A kill switch blocks all internet traffic if the VPN tunnel unexpectedly drops. Without it, the device falls back to its normal unprotected connection, exposing the real IP address and unencrypted traffic for as long as the tunnel is down — which could be seconds during a reconnect or longer during a network change. Most consumer VPN apps implement a kill switch using firewall rules that drop all non-VPN traffic unless the tunnel is active. System-level kill switches (implemented in the OS firewall) are more reliable than app-level ones, which stop working if the VPN app crashes.

VPN Server Selection

Choosing which VPN server to connect to involves several practical considerations:

• Proximity: A nearby server reduces the added latency of the VPN detour. Connecting to a server in the same country typically adds 5–20 ms compared to potentially hundreds of milliseconds for a distant server.
• Jurisdiction: The server's physical location determines which laws apply to any data retained by the provider. Some users choose servers in countries with strong privacy laws or no data retention requirements.
• Load: An overloaded server reduces throughput. Most consumer VPN apps show server load or recommend the least congested option.
• Purpose: Accessing geo-restricted content requires a server in the target country. Security on an untrusted network requires only a server you trust, regardless of location.

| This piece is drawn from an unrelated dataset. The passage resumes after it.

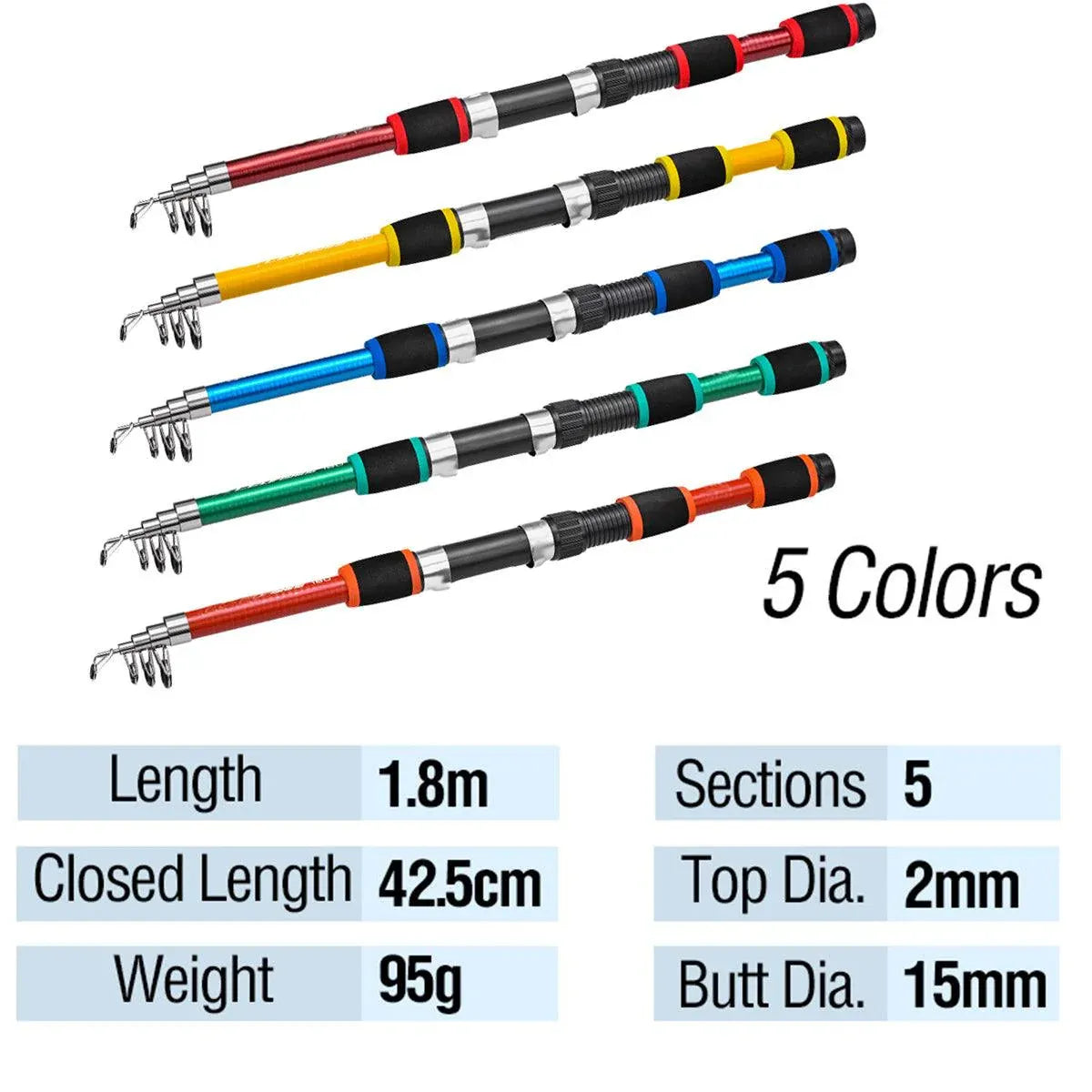Telescopic Fishing Rod Lightweight Portable Sea Casting Rod Durable Glass Steel - Red V528-SHORT-FISH-ROD-RED-461440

What VPN Providers Can See

A VPN replaces ISP visibility with VPN provider visibility. The provider can see your real IP address, the timing and volume of your traffic, and the IP addresses you connect to after the tunnel (unless those connections are themselves encrypted). A provider with a strict no-logs policy and regular independent audits provides stronger assurance, but the provider's infrastructure and jurisdiction remain a point of trust. Self-hosted VPN servers (on a personal VPS) eliminate the shared-provider trust issue but introduce server administration responsibility and make the exit IP uniquely identifiable.

Frequently Asked Questions

What does a VPN do?

A VPN encrypts traffic between your device and a VPN server, then routes selected traffic through that server. Websites see the VPN server's IP address rather than your normal public IP. The ISP sees only encrypted traffic to the VPN server.

Does a VPN hide traffic from the ISP?

A VPN hides the contents and final destinations of tunneled traffic from the ISP, but the ISP can still see that you are connected to a VPN server and how much data is moving.

Why can a VPN slow internet speed?

A VPN adds encryption overhead, routes traffic through an additional server, reduces the effective MTU, and depends on the VPN server's capacity and location. A nearby, lightly loaded server using WireGuard typically adds minimal overhead on a fast broadband connection.